Book Bits: 24 February 2024

Taming the Octopus: The Long Battle for the Soul of the Corporation
Kyle Edward Williams
Review via The Wall Street Journal
The question of corporate purpose is central to Kyle Edward Williams’s “Taming the Octopus,” a history of efforts by American government officials and activists to rein in corporate power and even harness it to their favorite causes. These efforts are based on the idea that the limited-liability corporation, “its tentacles wrapped around the globe many times over,” ought to be accountable. But, as the author asks: “Accountable to whom or to what?”

Wall Street’s War on Workers: How Mass Layoffs and Greed Are Destroying the Working Class and What to Do About It
Les Leopold
Summary via publisher (Chelsea Green)
In Wall Street’s War on Workers, Les Leopold, co-founder of the Labor Institute, provides a clear lens with which we can see how healthy corporations in the United States have used mass layoffs and stock buybacks to enrich shareholders at the expense of employees. With detailed research and concise language, Leopold explains why mass layoffs occur and how our current laws and regulations allow companies to turn these layoffs into short-term financial gains.

The Race to Zero: How ESG Investing will Crater the Global Financial System
Paul H. Tice
Op-ed by author via The Wall Street Journal
Good news is brewing in finance.
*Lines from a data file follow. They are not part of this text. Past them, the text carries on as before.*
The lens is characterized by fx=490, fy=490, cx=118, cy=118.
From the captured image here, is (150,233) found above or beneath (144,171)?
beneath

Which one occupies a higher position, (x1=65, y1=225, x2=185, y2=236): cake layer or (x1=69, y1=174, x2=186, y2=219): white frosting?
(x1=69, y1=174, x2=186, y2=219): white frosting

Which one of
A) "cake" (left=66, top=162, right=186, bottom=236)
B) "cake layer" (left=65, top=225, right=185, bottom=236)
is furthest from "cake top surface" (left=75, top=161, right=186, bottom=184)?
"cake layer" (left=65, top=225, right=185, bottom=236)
The public backlash against ESG—environmental, social and governance investing—has grown, shedding light on the left’s ideological takeover of Wall Street. The bad news is that the anti-ESG coalition isn’t prepared to defeat a global “sustainability” campaign. The movement needs a makeover and should begin by following a few guiding principles:
Virtue signaling isn’t the only problem. The current bout of woke capitalism in corporate boardrooms is merely a symptom of the underlying malady. Through its pervasive asset integration and overriding focus on nonfinancial factors, ESG is slowly changing the pecuniary purpose of investing. Waging public spats with management over critical race theory and gender ideology distracts from how ESG investing is re-engineering global financial markets. No matter how many brands go broke from misplaced trust in sustainable policies or social-justice activism, it won’t slow ESG’s market momentum.
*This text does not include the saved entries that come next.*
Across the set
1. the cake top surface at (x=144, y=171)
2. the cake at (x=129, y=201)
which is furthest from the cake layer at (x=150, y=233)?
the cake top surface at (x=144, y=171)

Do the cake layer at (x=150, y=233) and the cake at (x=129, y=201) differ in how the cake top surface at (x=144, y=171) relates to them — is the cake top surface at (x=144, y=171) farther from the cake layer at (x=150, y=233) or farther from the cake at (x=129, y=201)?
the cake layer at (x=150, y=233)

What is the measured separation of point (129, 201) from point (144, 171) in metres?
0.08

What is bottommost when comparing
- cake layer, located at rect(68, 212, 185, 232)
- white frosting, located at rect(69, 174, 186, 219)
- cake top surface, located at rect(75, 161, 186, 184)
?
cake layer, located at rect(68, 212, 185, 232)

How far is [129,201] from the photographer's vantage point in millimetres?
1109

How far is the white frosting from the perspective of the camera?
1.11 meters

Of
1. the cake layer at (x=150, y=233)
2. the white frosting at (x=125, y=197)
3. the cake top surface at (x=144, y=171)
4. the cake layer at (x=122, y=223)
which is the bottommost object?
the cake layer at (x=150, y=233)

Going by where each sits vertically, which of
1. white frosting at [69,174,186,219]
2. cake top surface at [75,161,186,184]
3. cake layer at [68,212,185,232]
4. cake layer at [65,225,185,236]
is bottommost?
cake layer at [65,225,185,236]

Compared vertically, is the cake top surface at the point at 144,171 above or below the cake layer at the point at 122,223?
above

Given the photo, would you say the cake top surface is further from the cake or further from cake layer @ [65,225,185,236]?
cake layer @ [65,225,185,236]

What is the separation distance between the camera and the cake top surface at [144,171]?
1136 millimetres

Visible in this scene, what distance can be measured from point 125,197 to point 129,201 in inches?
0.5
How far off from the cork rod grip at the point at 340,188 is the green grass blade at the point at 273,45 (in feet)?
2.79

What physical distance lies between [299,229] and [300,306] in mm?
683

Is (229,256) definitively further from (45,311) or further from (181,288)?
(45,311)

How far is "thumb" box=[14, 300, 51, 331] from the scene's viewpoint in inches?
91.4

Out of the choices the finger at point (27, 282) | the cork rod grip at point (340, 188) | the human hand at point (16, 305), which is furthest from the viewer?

Battle for the Bird: Jack Dorsey, Elon Musk, and the $44 Billion Fight for Twitter’s Soul
Kurt Wagner
Review via The New York Times
“Musk would often say the things that his partners wanted to hear, and then do the things that would make them shake their head in disbelief,” Wagner explains, rather wanly, making it sound as if Musk was behaving like the resourceful rascal in a Mentos commercial. Yet Wagner goes on to describe how Musk has gutted the company: firing much of its staff; instructing employees who remained to “try weird stuff” and then throwing them under the bus when those risks didn’t pay off; reinstating banned accounts while cracking down on speech he didn’t like.
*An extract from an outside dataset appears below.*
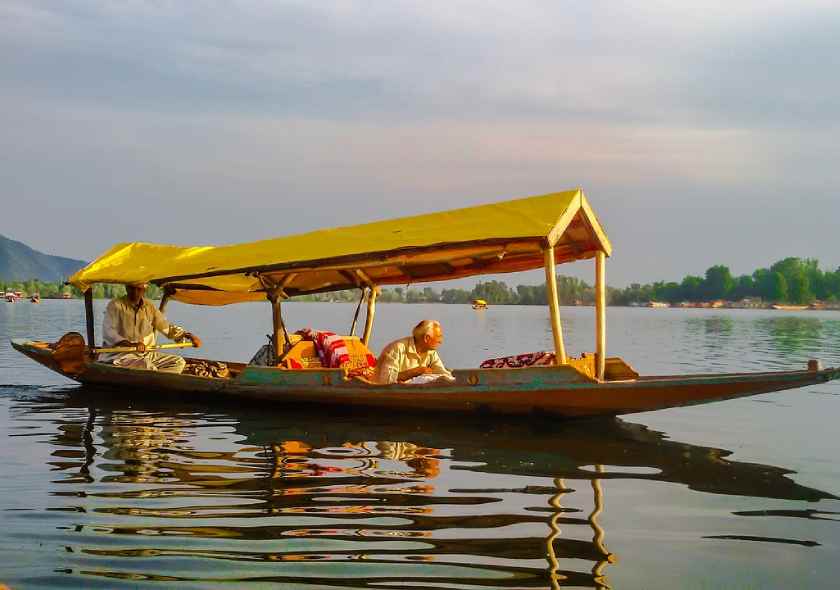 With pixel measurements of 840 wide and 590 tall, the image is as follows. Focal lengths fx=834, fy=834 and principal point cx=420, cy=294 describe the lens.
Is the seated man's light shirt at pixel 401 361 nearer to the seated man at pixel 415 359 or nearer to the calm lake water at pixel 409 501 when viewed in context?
the seated man at pixel 415 359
Extremely Hardcore: Inside Elon Musk’s Twitter
Zoë Schiffer
Review via The Daily Beast
Elon Musk’s Twitter takeover may have dominated the news cycle for months, but as Zoe Schiffer’s new book Extremely Hardcore proves, there’s still a lot more to learn.
Schiffer, a veteran tech journalist who worked as a senior reporter at The Verge before becoming managing editor at Platformer, meticulously details the chaos before and after Musk’s much-covered coup, surfacing new details of the takeover.
The book starts with Musk’s very first tweet—“This is actually me,” he wrote, after being impersonated by another user—and runs all the way through the Oct. 7 attack on Israel, misinformation about which ran rampant on the platform. Along the way, it details Musk’s stealth Twitter stock purchases, his failed attempt to get out of his purchase agreement, the botched rollout of Twitter Blue, and much more. The book is based on interviews with more than 60 employees and “hundreds of pages of internal memos, whistleblower complaints, and court documents,” according to Schiffer’s foreword.

Smoke and Ashes: Opium’s Hidden Histories
Amitav Ghosh
Review via The Economist
The opium poppy looks delicate and innocuous. But for Amitav Ghosh, an Indian writer, it is “one of the most powerful beings that humans have encountered in their time on Earth”. Mr Ghosh’s elegant history of the plant’s influence is both a tribute to what he calls “the historical agency of botanical matter” and a reckoning with the imperial past.
The book’s origins lie in his trilogy of “Ibis” novels, set in the thick of the opium trade in the 1830s. The research Mr Ghosh carried out while writing them prompted him to probe how the drug trade shaped free-market capitalism and globalisation.